RECORDS FOR THIS TASK
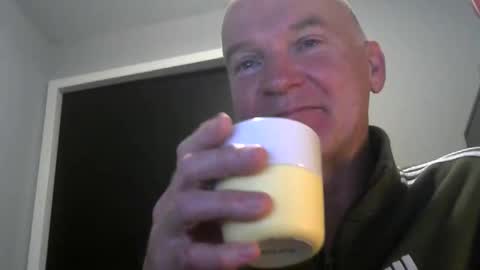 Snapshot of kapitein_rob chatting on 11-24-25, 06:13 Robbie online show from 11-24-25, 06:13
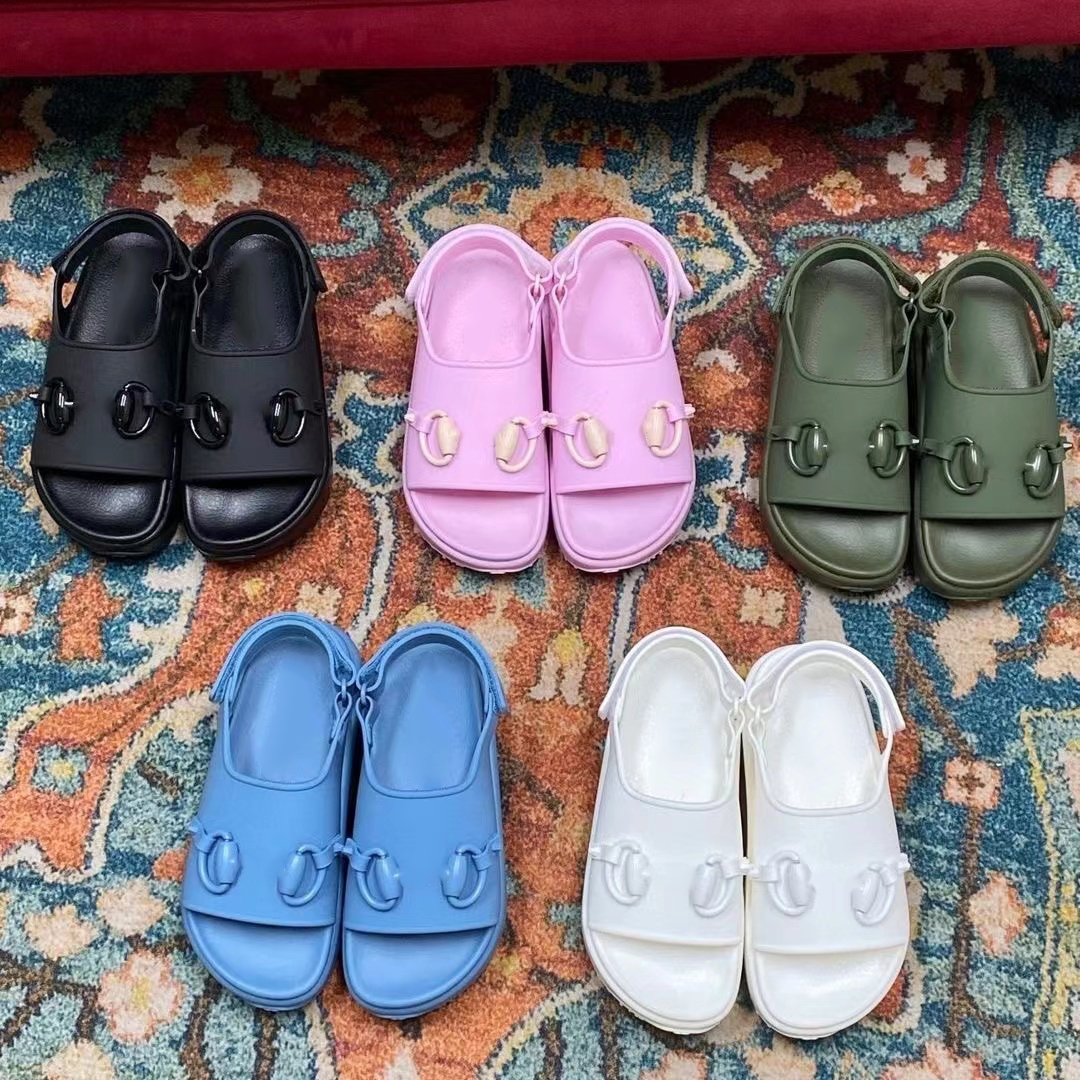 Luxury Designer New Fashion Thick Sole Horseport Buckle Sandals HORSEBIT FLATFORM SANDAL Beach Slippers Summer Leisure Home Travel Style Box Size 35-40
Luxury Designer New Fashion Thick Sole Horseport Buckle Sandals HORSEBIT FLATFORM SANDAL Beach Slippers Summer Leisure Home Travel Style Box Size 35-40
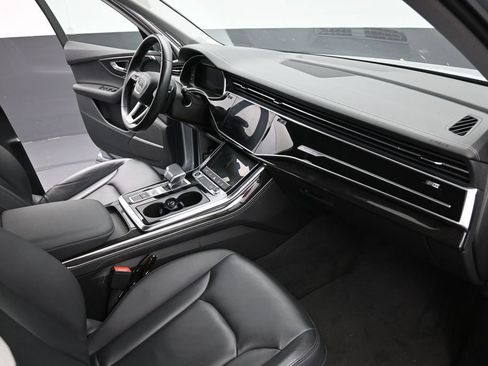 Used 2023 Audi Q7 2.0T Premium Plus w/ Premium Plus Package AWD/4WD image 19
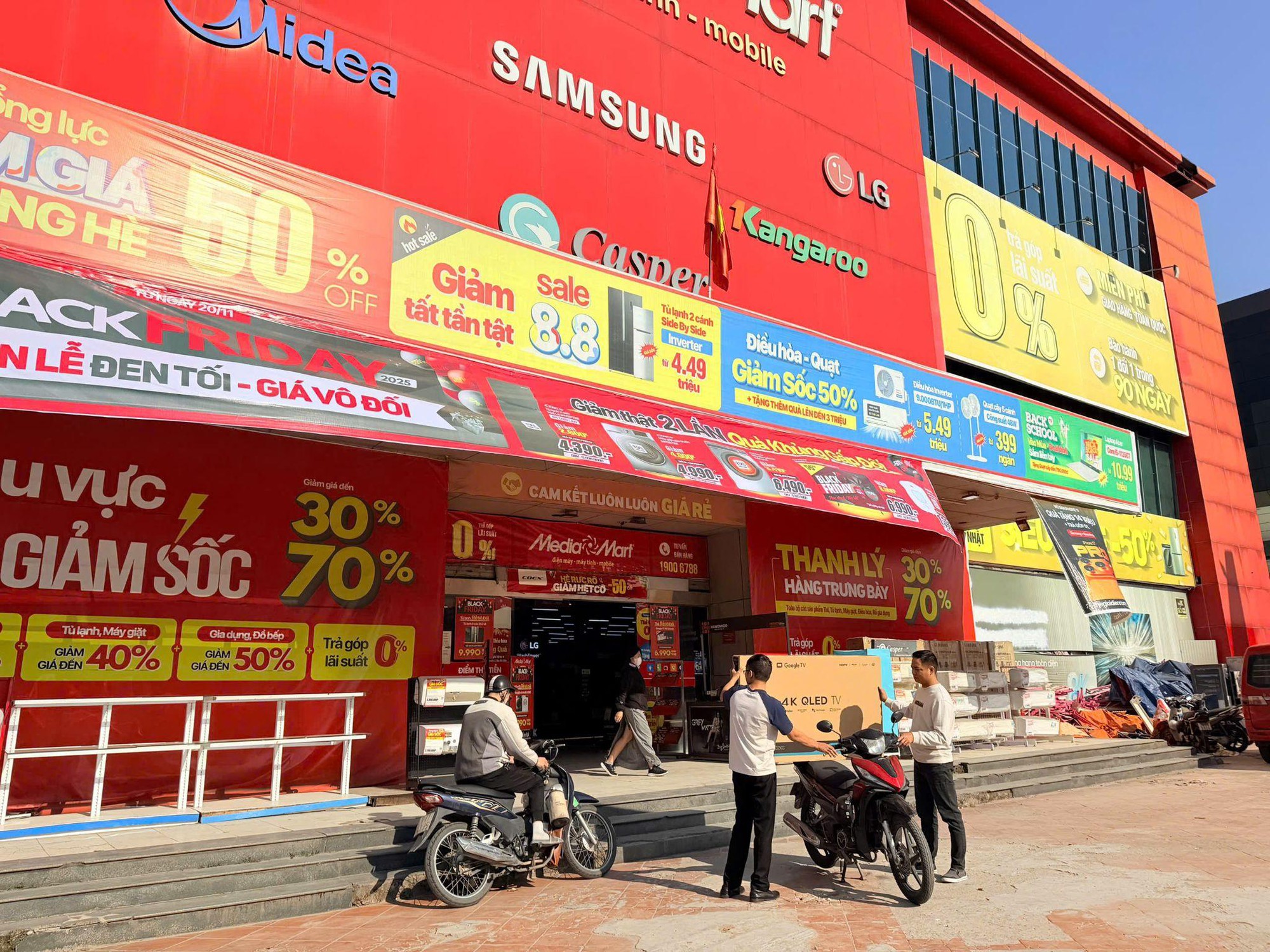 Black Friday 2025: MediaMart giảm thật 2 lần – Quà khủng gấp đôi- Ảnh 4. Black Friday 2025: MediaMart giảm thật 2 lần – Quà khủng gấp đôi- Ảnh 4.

WORK ITEM
From the material above, write out exactly the lines from the line with "Used 2023 Audi" through the closing line, inclusive, and no pictures.

OUTPUT
 Used 2023 Audi Q7 2.0T Premium Plus w/ Premium Plus Package AWD/4WD image 19
 Black Friday 2025: MediaMart giảm thật 2 lần – Quà khủng gấp đôi- Ảnh 4. Black Friday 2025: MediaMart giảm thật 2 lần – Quà khủng gấp đôi- Ảnh 4.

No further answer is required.